Most hosting providers include several statistics packages, of which one of the most comprehensive is Awstats. It includes some useful information like pages visited, hours viewed, country of visitors, robot visits, and viewing session times. Unfortunately, while these are superficially useful, they would be really useful if they allowed combinations of these, like viewing times for individual pages, which would indicate if they had actually been read.
Originally I thought that what might be useful is to have map of the sequence of pages visited and durations. In practical terms, that meant for each page, having a list of the most popular pages immediately visited after it. To contain the visual complexity, I limited that to three pages. That still looked too complex considering the expected site owners, so I ditched that.
The single most useful statistic is whether a page has actually been read. Packages like Awstats get their data from site visitor logs. Since the logs include the IP address of the visitor and the time each page was opened, the time between the page opening and the next page viewed by the visitor would indicate the page viewing duration. However, the last page duration would not be available because there was no next page as a timestamp. Unfortunately, Awstats does not show this page-level duration.
Logs are not necessarily retained as they can be disabled for processing on a per package basis, so I experimented with creating a record for each page viewed as a file with its name encoded with the details. With the list of times now available, I worked out a way to do the calculations, but it was a lot work just to determine whether a page was read. The actual duration may not be as critical, so I scrapped all that and decided to use JavaScript to send the time, locale and article ID to the site so it could create a record encoded in a file name.
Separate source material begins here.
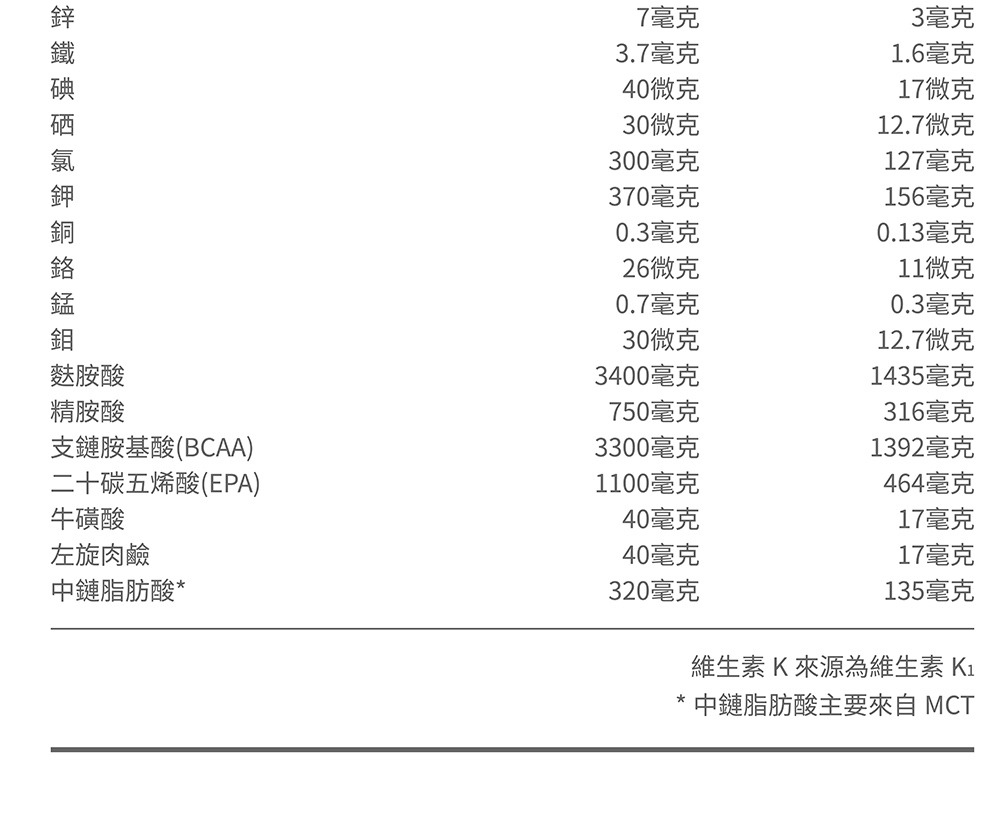 維生素K來源為維生素 K1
Originally, I set the delay for 10 seconds before JavaScript sent the details, but after evaluating actual read times, I changed it to 30 seconds. The read processing creates a file that includes all the information sent into it filename. After that, it tries to add them to a summary file before deleting them. This helps to keep long term stats without having lots of files.
When the
When I first added the weekly statistics, they were only available when an article ID was clicked on, but when I thought that it would also be useful at the site level, I thought that that was a better level for them. With that, the weekly statistics for individual articles seemed of limited value, so I removed them. Statistics are very useful, especially to those used to studying them, but the intended audience for the product was not likely to want to go too deep into them, so I opted for keeping them simple and conveying only the most useful information.
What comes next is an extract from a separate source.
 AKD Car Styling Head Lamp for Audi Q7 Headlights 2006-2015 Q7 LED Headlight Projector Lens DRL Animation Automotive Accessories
One of the special pages is Test. It allows for up to 20 multiple-choice questions, but the results are only shown to the visitor who answered the questions. It is meant to be used for providing feedback as to how much they had understood by reading an article or using a procedure. I thought that a useful article type would be for a poll, and I realised that it would be almost identical to a test, though the results upon completion would be different. To be useful, that would require accumulating the results, which also raised the possibility of doing the same for the tests so that a site owner may be able to get some more direct feedback from their visitors.
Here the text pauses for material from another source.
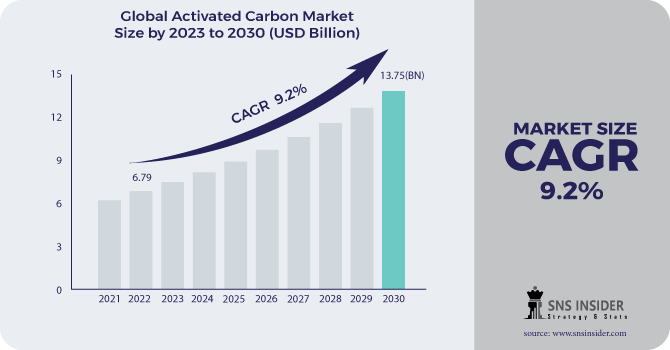 Activated Carbon Market Growth Trends Analysis Report 2030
I discussed other's experience of polls, including the rampant trivial questions often posed. I also understood that getting stats from tests might skew site owners to asking questions that are not really of interest to their site visitors. Determining what questions may be worth asking is a skill, and given that when people get open-ended tools like tests and polls, they can become a source of speculative entertainment.
In determining what facilities to provide with a product, a decision needs to be made as to whether it really useful or a gimmick. Trying to get meaningful accumulated poll and test results can be a serious distraction from creating content, with a limited ongoing use to a site owner, so I abandoned these plans. Utilities are not a means of creating content, so they must take second fiddle to those tools that do. While one hopes that people find a product enjoyable to use, providing them with misleading entertainment is likely to be counter-productive.